It seems that the big dispute is plaintiffs’ request for production no. 5 which simply states: “All documents which pertain to other similar incidents.” See Doe. 28 at 42. The parties agree that certain aspects of this discovery can be narrowed, that is, that the discovery should pertain to rear end collisions and should pertain to the yielding or collapsing of seat backs, but beyond that they differ.

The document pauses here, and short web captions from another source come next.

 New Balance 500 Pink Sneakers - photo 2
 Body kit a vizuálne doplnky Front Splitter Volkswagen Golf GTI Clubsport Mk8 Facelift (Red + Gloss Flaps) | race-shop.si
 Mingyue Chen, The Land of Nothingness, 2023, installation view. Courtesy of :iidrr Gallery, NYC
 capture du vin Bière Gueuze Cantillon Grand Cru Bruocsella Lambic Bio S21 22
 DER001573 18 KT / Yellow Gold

Plaintiffs seek discovery of all incidents of yielding or collapsing seat backs from the 1965 model year forward to the present which involve what is known as the *233General Motors 60^40 split bench seat and which were involved in rear end collisions.

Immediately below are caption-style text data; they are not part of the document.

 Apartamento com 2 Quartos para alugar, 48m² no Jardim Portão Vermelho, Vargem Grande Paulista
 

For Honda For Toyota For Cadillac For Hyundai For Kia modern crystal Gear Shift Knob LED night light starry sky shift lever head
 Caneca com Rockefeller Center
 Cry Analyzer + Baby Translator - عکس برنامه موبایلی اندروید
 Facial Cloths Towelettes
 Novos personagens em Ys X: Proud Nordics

General Motors has submitted the affidavits of Thomas Blake and Mike el Sabeh, Exhibits A and B to Doc. 28 which state generally that the seats and seat belts in 1989 Cadillac Deville (the car in question here) are substantially similar in design and performance to a group of vehicles known within General Motors as “C” cars for the 1985-1993 model years and also “H” cars for the 1986-1991 model years for seats. General Motors argues that documents related to vehicles outside this scope have no relevance to this case. General Motors contends that plaintiffs’ request for numerous documents concerning all General Motors’ car lines is unduly broad.

The question presented regarding “similar incidents” was taken under advisement and plaintiffs’ counsel were granted leave to file any affidavits of experts which might tend to counter the assertions made in the affidavits of Messrs. Blake and el Sabeh. Any such countering affidavits shall be served and filed within 10 days of March 10, 2000.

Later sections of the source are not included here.